Sans interdit: "Le parti socialiste tel qu'il a été est fini" (Julien Dray)
"La gauche, totalement éparpillée, risque d'être spectatrice du débat politique, mais elle a toute sa place"
De SOS Racisme au "wokisme", que sont nos idéaux devenus? se sont interrogés dimanche Valerie Abecassis et Elie Chouraqui lors de la Première de "Sans interdit", tandis qu'Abel Quentin, invité de l'émission, a décrit dans son livre "Le Voyant d'Étampes", "un pays en déliquescence qui trouve ses racines dans les années 80", évoquant la France.
"On ne peut pas juger une période comme une continuité linéaire et penser que la vie n'est qu'une ligne droite", a défendu Julien Dray, président de la cellule prospective du parti socialiste, et l'un des fondateurs de SOS Racisme.
"Nous voulions unir, mais les aspirations de SOS Racisme n'ont pas trouvé de débouchés et les ghettos se sont formés", a-t-il déploré, accusant "l'islamisme radical qui a énormément pesé sur le processus d'intégration et d'assimilation".
"La vie s'est instaurée dans les ghettos, et on est loin de ce à quoi aspirait SOS Racisme", a insisté M. Dray, qui blâme "l'incapacité de la gauche qui n'a pas fait ce qu'on espérait, c'est à dire empêcher la constitution des ghettos".
Courant universaliste et offensive islamiste
Interrogé sur l'idéal des années 80 "qui a abouti au racisme, à l’antisémitisme et aux assassinats", Julien Dray a répondu en deux volets.

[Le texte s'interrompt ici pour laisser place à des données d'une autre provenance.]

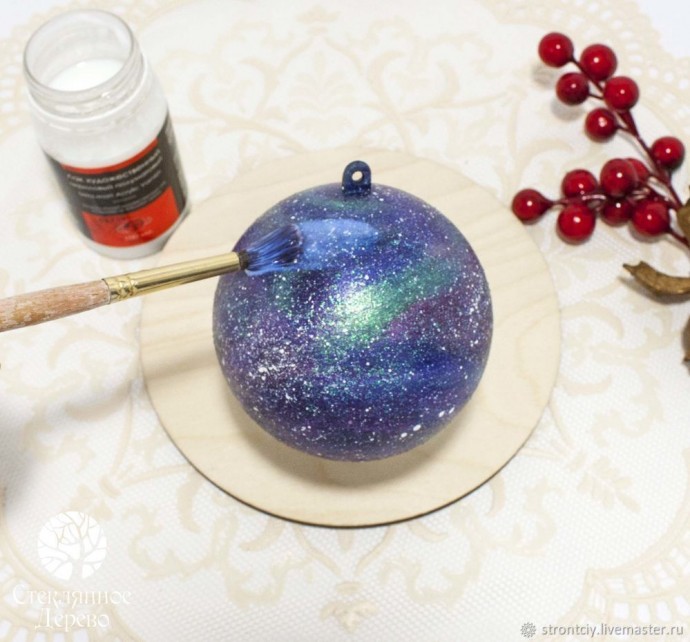 ​Декорируем елочный шар "Созвездие Тельца (Быка)": мастер-класс, часть 2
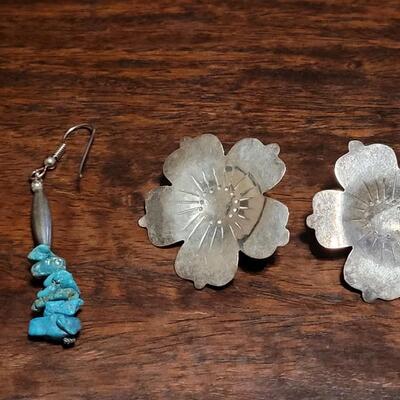 Lot 120: (2) Pairs of Earrings- Sterling & Turquoise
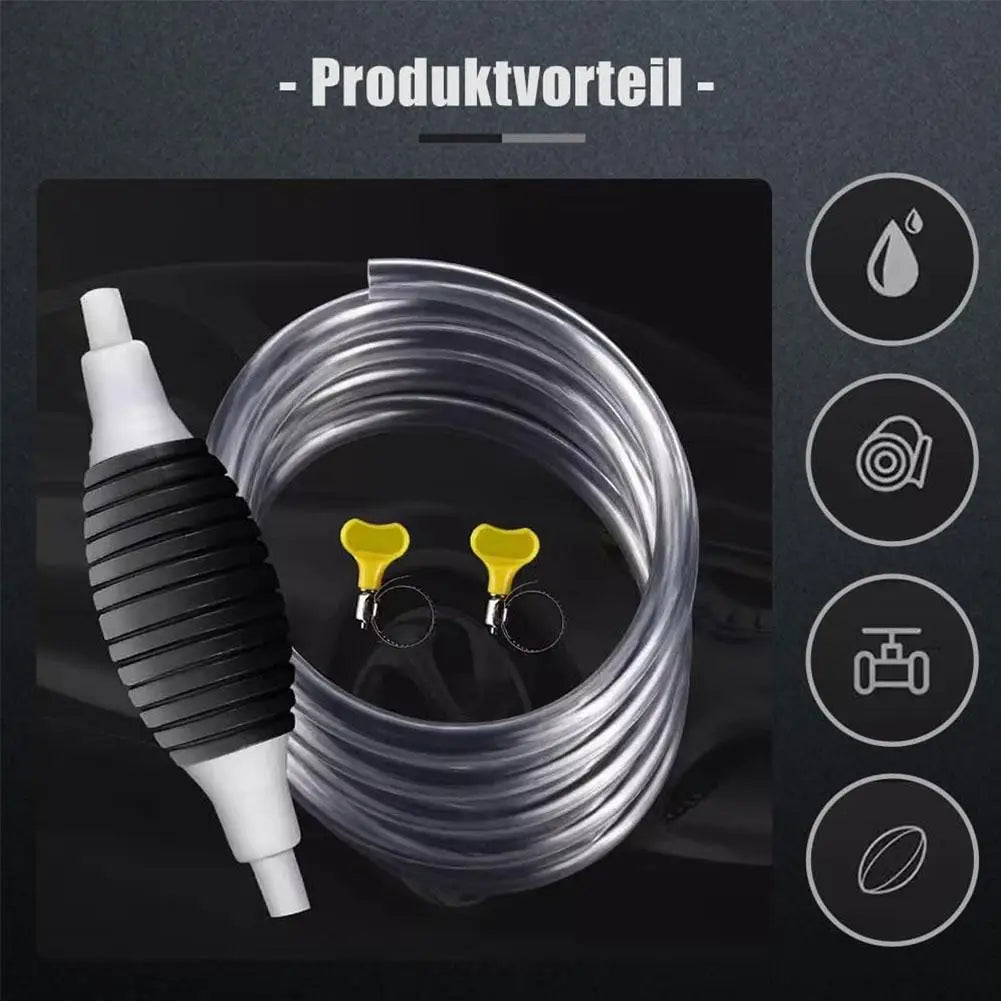 Pompe Manuelle de Transfert Multifonction – Pompe à Carburant, Huile, Eau, Diesel, Nettoyeur Liquide avec Colliers Métalliques Antifuite - BLACKBEARD OUTDOOR INDUSTRIES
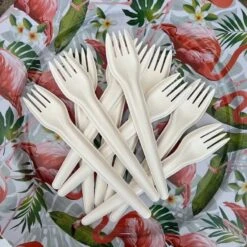 Pack 3 X 50 Fourchettes + Couteaux + Cuillères Carton Blanc Nature -Vacances Vaisselle Magasin pack 3 x 50 fourchettes couteaux cuilleres carton blanc nature 5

"C'est l'échec d'une politique qui n'a pas trouvé les débouchés nécessaires en termes de mesures et la modification des choses - tandis que l'idéal dans les années 80 c'était l'assimilation à la société française", a-t-il assuré.
"Mais l'islamisme s'est interposé, s'est construit sur le terreau de la ghettoïsation et de la misère, face auquel il n'y a pas eu la réponse nécessaire", a-t-il poursuivi.
Abel Quentin a de son côté jugé que l'échec venait d'une "naïveté" de la part de l'association française créée en 1984, et d'une "stratégie qui a consisté à s’accommoder de la petite musique communautaire".
M. Dray a contesté cette théorie affirmant s'être exprimé notamment contre le port du voile, reconnaissant toutefois que "l'offensive communautaire n'a pas été assez combattue à travers la laïcité par exemple".
Quant au "wokisme", qui est né aux États-Unis "au sein d'une société anglo-saxonne qui est communautaire contrairement à la France où la société est républicaine, il n'a rien à voir avec SOS Racisme".
Elie Chouraqui a lors de l'émission appelé la gauche à "réagir" quand il y a "des événements essentiels", tels que "des imams autoproclamés qui viennent embarquer des enfants pour le Jihad".
"Mais le courant universaliste a subi le contre coup de l'offensive islamiste", a reconnu Julien Dray. "Le parti socialiste tel qu'il a été est fini, et il faut redonner place à ce courant qui est républicain et universaliste".
Le rejet des structures partisanes habituelles
"La gauche aujourd'hui est totalement éparpillée et risque d'être spectatrice du débat politique, pourtant elle a toute sa place", a-t-il martelé, estimant qu'il y a une refondation nécessaire d'un courant idéologique qui ne sera pas le parti socialiste d'hier".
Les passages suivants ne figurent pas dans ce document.